Pois bem, voltando às “comemorações do 10
de maio”, imagino que um dos meus críticos argentinos – me refiro ao
inacreditável Estanislao Zeballos – possa estar agora falando de mim: “Maldito barón” – com b minúsculo, para me
diminuir um pouco mais – “siempre depreciando a nuestra patria, como si Brasil
no fuera una porqueria, un cambalache, yá lo sé...”. Foi ele mesmo que nos
levou a esta situação absurda de competição naval, com sua agressividade
militarista tão desproporcional quanto às supostas ameaças do Brasil e do
Chile, que o próprio presidente José Figueroa Alcorta teve de demiti-lo em meio
ao seu mandato. Zeballos nunca engoliu o que continua a chamar de
“desmembración” do território argentino, mas que foi apenas um laudo impecável
do presidente americano, em face de meus argumentos absolutamente fundamentados
na história – e na nossa boa cartografia lusitana – em defesa do nosso pedaço
das Missões. O mesmo belicoso Zeballos, quando ministro, queria controlar
nossas aquisições de fragatas na Europa, e até “dividi-las” com eles (o
absurdo!), mas nunca hesitou em exigir de seu próprio presidente aumentos
fabulosos das compras militares argentinas, como tampouco se eximiu de propor a
preparação de suas forças navais para eventualmente ocupar o Rio de Janeiro
pela força.
Como querem, agora, que eu conceda em enviar
uma delegação de alto nível a um país que falseia sua história, que mantém
sonhos ridículos de grande potência e que, além do mais, reincide num
protecionismo renitente, que prejudica nossas legítimas exportações de açúcar e
de algodão?
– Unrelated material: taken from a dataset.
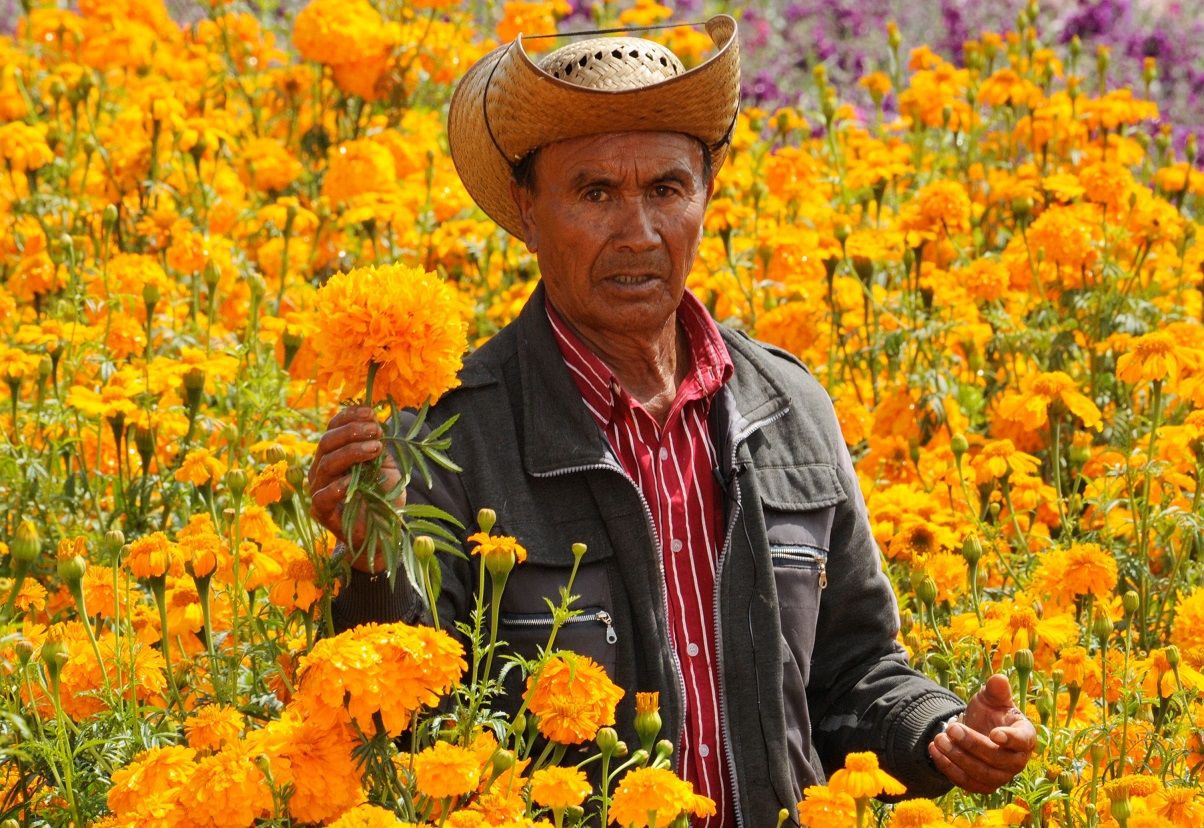 Estiman una derrama económica de 111 millones de pesos por venta de flores mexiquenses en Día de Muertos 
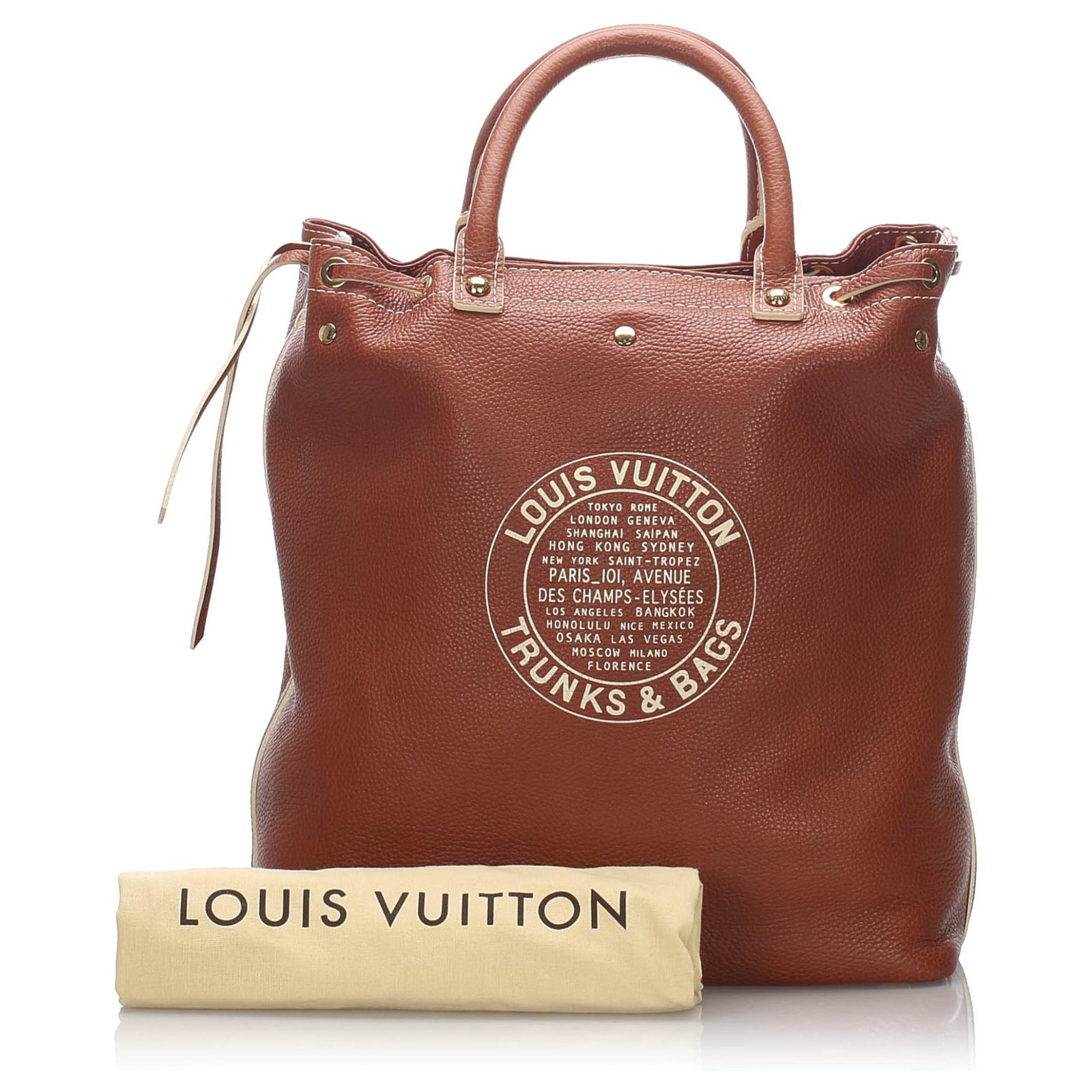 Louis Vuitton Brown Tobago Trunks and Bags Shoe Bag Leather Pony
Como querem meus auxiliares que eu me disponha a assinar um acordo
de comércio preferencial com nossos vizinhos – concedendo-lhes as mesmas
vantagens que eu concedi às farinhas americanas – se eles continuam a comprar
quantidades ínfimas do nosso precioso café? Não! No que depender de mim, não
haverá acordo comercial de nenhum tipo com os argentinos, até que eles nos
reconheçam como uma nação tão merecedora de consideração como aquela que eles
estão sempre tão dispostos a conceder à velha Albion, que eles, também
ridiculamente, estimam ser o seu modelo a imitar, ainda que não exibam toda a
pompa e circunstância da Corte de St. James.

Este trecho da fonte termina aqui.